De leur côté, les artisans invités sont unanimes sur les difficultés d’obtention d’une assurance décennale pour tout système constructif alternatif au prêt-à-l’emploi et ne cache pas leur désarroi lorsqu’il faut payer une prime représentant 1 à 3% de leur chiffre d’affaire annuel alors que certains ouvrages sur chantier ne sont pas assurés car non-reconnus par maman assurance.
Bref, un système lourd et couteux autant pour les professionnel-le-s du bâtiment que pour les futur-e-s usager-ère-s de ceux-ci réservant tout intention de faire un pas de côté face à l’industrialisation massive de la production architecturale aux militant-e-s déterminé-e-s à en découdre avec le rouleau compresseur du système.

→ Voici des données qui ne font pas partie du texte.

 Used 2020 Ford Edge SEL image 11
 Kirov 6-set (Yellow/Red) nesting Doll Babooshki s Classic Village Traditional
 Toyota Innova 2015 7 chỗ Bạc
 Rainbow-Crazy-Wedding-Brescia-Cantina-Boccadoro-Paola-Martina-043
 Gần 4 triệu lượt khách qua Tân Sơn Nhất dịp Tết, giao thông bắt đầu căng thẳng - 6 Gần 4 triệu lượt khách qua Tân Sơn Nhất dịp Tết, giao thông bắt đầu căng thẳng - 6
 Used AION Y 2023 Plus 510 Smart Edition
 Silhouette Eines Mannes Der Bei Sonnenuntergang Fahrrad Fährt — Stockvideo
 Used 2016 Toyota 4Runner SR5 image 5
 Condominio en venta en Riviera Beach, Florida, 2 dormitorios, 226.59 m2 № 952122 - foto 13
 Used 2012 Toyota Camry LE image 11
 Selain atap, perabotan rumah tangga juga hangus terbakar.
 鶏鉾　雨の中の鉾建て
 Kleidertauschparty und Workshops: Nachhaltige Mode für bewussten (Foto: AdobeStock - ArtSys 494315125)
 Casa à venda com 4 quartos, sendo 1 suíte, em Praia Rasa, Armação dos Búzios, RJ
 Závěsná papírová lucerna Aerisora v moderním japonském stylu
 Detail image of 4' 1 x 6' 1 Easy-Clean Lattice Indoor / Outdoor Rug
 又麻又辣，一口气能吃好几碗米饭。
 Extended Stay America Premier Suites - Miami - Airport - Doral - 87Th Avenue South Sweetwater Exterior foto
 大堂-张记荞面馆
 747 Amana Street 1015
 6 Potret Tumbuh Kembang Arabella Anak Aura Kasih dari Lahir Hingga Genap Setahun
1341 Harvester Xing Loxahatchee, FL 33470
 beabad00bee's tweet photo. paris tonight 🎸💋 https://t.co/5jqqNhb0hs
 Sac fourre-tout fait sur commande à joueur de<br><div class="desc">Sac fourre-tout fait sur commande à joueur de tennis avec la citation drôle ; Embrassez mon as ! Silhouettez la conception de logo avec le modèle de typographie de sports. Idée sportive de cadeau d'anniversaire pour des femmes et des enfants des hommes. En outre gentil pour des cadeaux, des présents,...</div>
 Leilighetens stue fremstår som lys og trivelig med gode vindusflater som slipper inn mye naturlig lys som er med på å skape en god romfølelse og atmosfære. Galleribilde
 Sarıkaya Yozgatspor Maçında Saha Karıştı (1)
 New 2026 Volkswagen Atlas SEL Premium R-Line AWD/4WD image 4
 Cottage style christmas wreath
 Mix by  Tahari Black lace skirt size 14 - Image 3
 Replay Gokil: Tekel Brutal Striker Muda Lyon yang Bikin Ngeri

Le représentant du ministère, après s’être pris dans les cordes, a piqué du nez pendant la réunion.
Le coordinateur du plan d’action issu du Grenelle, après avoir octroyé des centaines de milliers d’euros pour d’autres actions autour de la « structuration des filières » ou encore de la création d’un label bâtiment « bio-sourcé », est devenu président de Pavatex France, principal fabricant industriel d’isolant à base de laine de bois.
Et le rapport comparatif dénonçant la collusion du système d’assurance construction français avec la destruction de l’autonomie des artisan-e-s, leur transformation systématique en poseurs et poseuses de produits normalisés et le détournement de fonds induit au profits des professionnel-le-s de la couverture du risque cale une armoire dans une salle de réunion borgne de la Grande Arche.
Le ventre mou du système aura, encore une fois, absorbé toute velléité de transformation aux racines du problème et continuera d’encourager, à grands renforts de réunions « transversales et interdisciplinaires », la réaction de textes normatifs faisant allégeance à la loi Spinetta.